START Records to use
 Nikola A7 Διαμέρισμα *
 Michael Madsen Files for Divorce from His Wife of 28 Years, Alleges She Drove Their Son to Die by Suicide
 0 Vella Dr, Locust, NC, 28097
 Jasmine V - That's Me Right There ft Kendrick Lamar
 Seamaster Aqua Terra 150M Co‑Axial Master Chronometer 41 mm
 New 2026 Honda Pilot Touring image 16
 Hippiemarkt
END Records to use
START Records to use
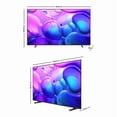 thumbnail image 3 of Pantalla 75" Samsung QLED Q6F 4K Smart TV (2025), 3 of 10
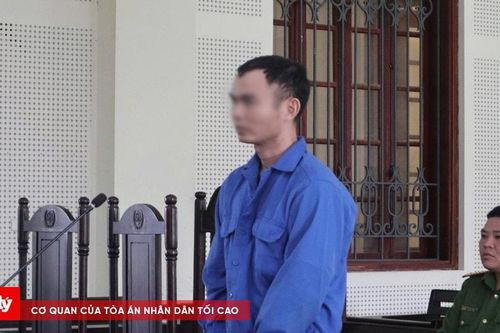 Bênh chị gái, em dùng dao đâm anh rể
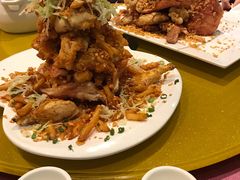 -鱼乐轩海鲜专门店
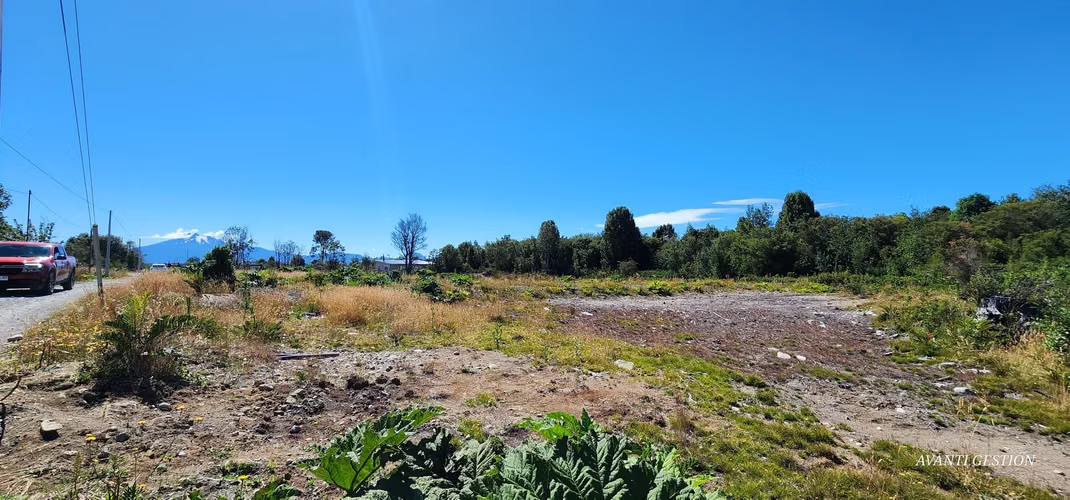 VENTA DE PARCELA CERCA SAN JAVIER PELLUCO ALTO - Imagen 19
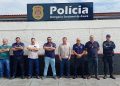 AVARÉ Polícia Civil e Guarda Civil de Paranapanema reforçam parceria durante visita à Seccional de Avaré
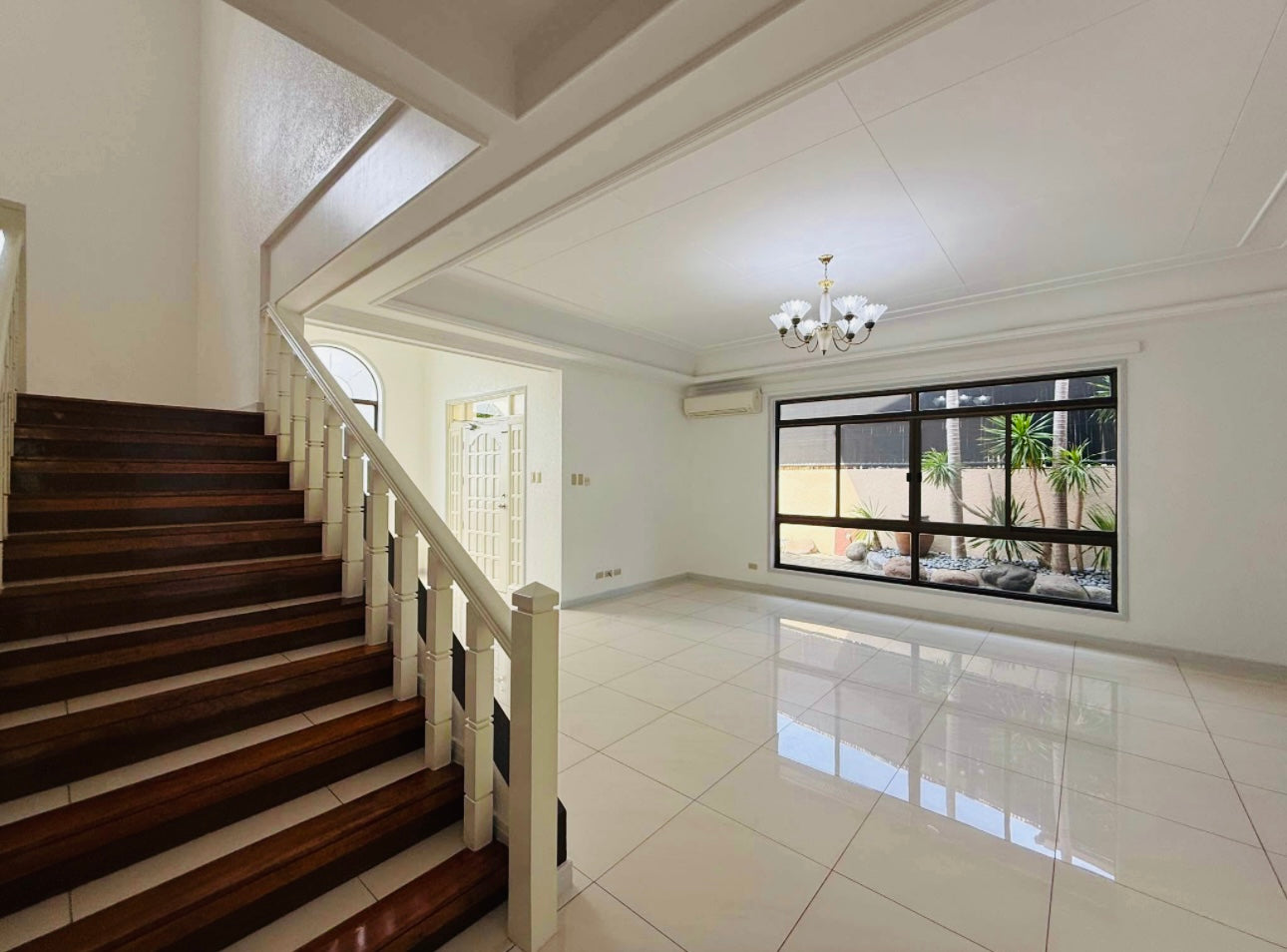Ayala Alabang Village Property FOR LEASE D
END Records to use
_What this task involves_
Above are some records. Output exactly the lines from the one that contains "Bênh chị gái, em dùng dao đâm anh rể" to the one that contains "Ayala Alabang Village Property FOR LEASE D", keeping both, and omit the pictures.

_Solution_
 Bênh chị gái, em dùng dao đâm anh rể
 -鱼乐轩海鲜专门店
 VENTA DE PARCELA CERCA SAN JAVIER PELLUCO ALTO - Imagen 19
 AVARÉ Polícia Civil e Guarda Civil de Paranapanema reforçam parceria durante visita à Seccional de Avaré
Ayala Alabang Village Property FOR LEASE D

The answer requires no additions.